Epilogue

After a 10-day Asian trip in 1984, Greenberg and Freeman, the Asia hand among the band of brothers, were flying back from Tokyo, along with an old friend and insurance broker, Mel Harris. They had stopped in Anchorage to refuel and headed for Miami to meet their wives for a weekend getaway. Captain Davis was about to begin the descent.

Bang—a loud explosion rang through the cabin, jolting the passengers. Davis reported that the jet’s left engine had blown, but that they could manage, as the right one was running. Yet five seconds later, bang—the right engine failed, too. At about 43,000 feet, the engineless jet was in peril.

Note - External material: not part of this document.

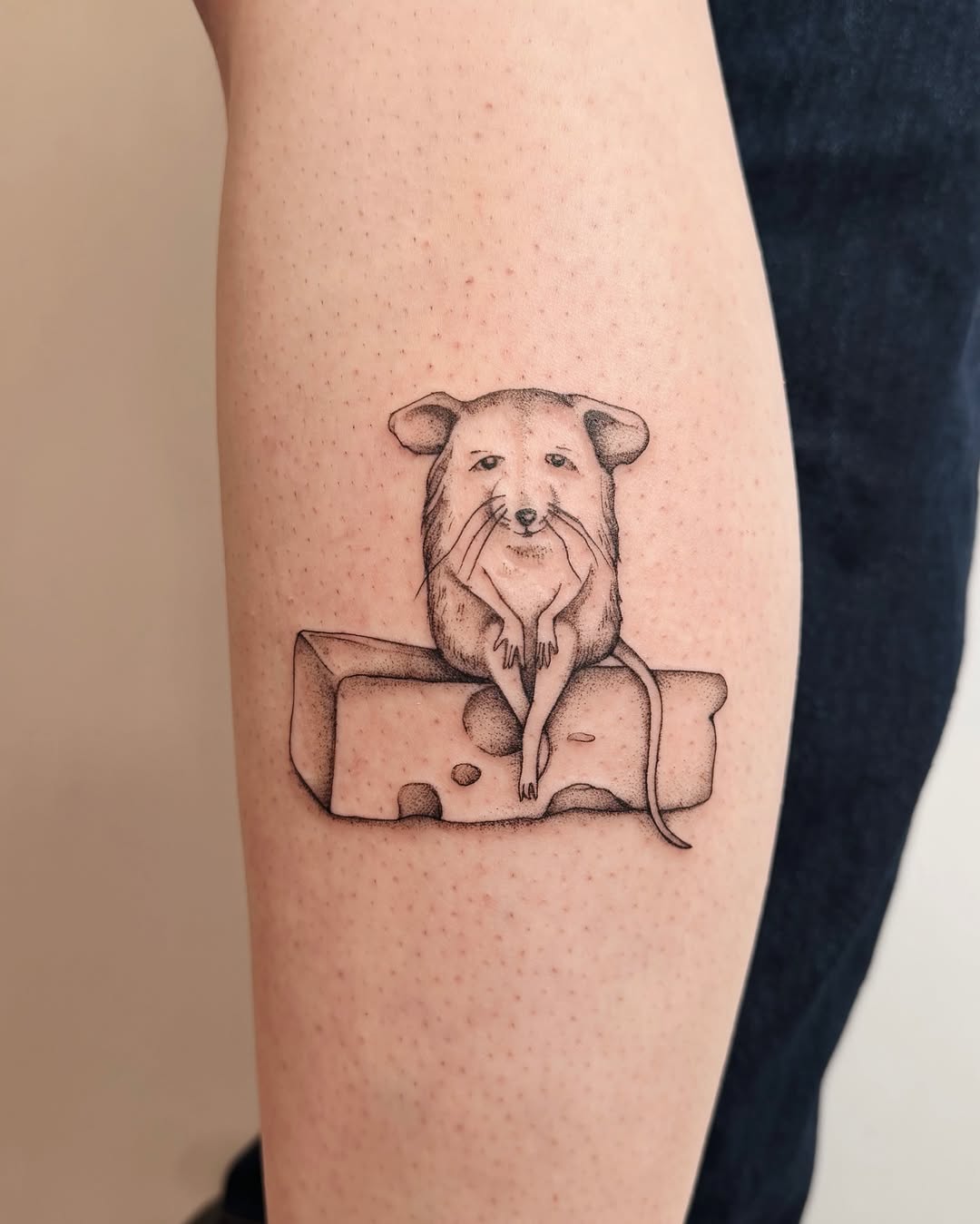 Tattoo by @fennec.fox.tats — illustrative, dotwork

Calmly but quickly, Davis and Greenberg conferred on alternatives. They had two viable choices: glide to Miami, probably within range, but a complex approach at a busy airport, or drift to a private airfield in Tampa, further away but easier to hit. Without power, the crew would have only one chance at a safe landing. They opted for Miami, got emergency clearance, and started a hopeful approach. On course for a harrowing landing, at 27,000 feet, the flight engineer managed to recover the right engine. With power, the pilots regained full control, and the AIG executives reunited with their wives for the weekend.

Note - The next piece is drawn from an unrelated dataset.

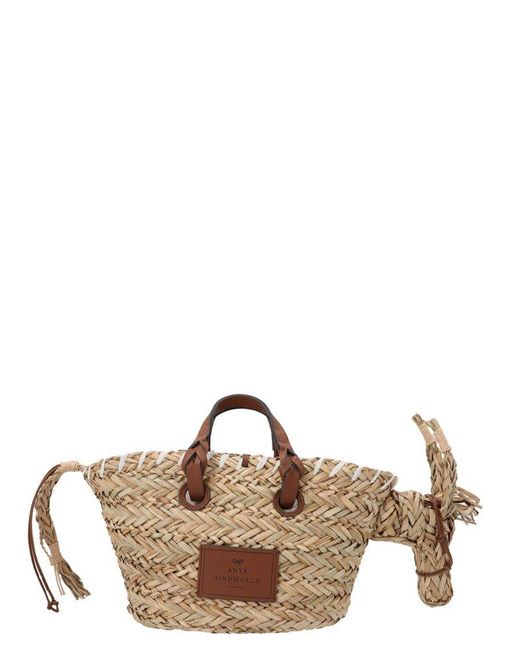 Anya Hindmarch Small Donkey Basket Bag in Natural Lyst Australia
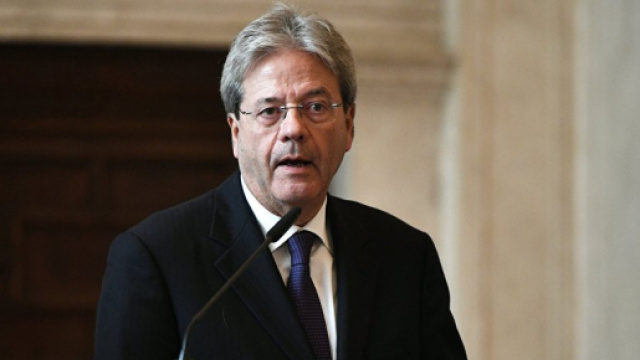 Il primo ministro Paolo Gentiloni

To Greenberg, the unnerving experience of losing both engines and then regaining power paralleled the loss of AIG and the ensuing recovery of the Starr companies. After losing AIG, Greenberg began building C. V. Starr & Company and SICO, along with a growing stable of subsidiaries, some predating AIG, such as Starr Aviation, Starr Marine, and Starr Tech.1 The Starr Companies, as they are now called, are doing business in all lines of insurance throughout the world in Australia, China, Great Britain, Japan, Latin America, the Middle East, and Turkey. They also maintain investment businesses in China, Russia, and the United States, and have real estate interests worldwide. They are becoming another unique franchise, characterized by some of the same traits that traditionally distinguished AIG and were critical to its success.

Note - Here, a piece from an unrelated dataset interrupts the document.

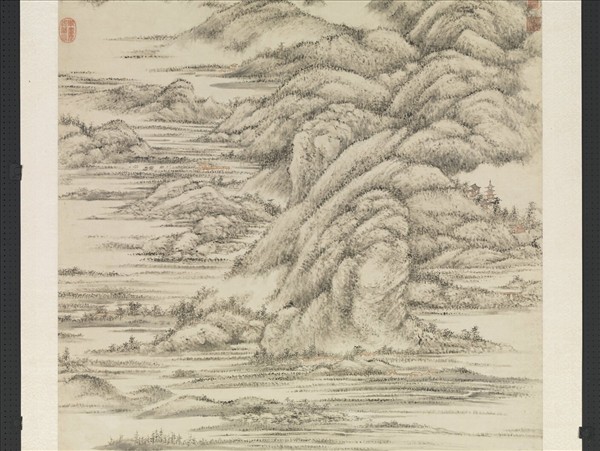 清方士庶仿董源夏山烟靄圖　軸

Greenberg envisions building a powerful insurance and investment business with the sophistication and capital resources to insure any kind of property/casualty risk anywhere in the world. The Starr Companies attract employees eager to develop new products and open markets, using the profit center model focused on accountability, expense control, risk analysis, and generating an underwriting profit. Staffing is lean, there are neither employee manuals nor employment contracts; compensation is incentive based and geared toward long-term performance. Travel schedules remain grueling, with Greenberg taking monthly trips to China and elsewhere in Asia and the occasional swift trip halfway around the world and back—New York to Oman on Friday, back on Sunday. Where opportunities for opening new markets and products exist, the Starr Companies are at the forefront.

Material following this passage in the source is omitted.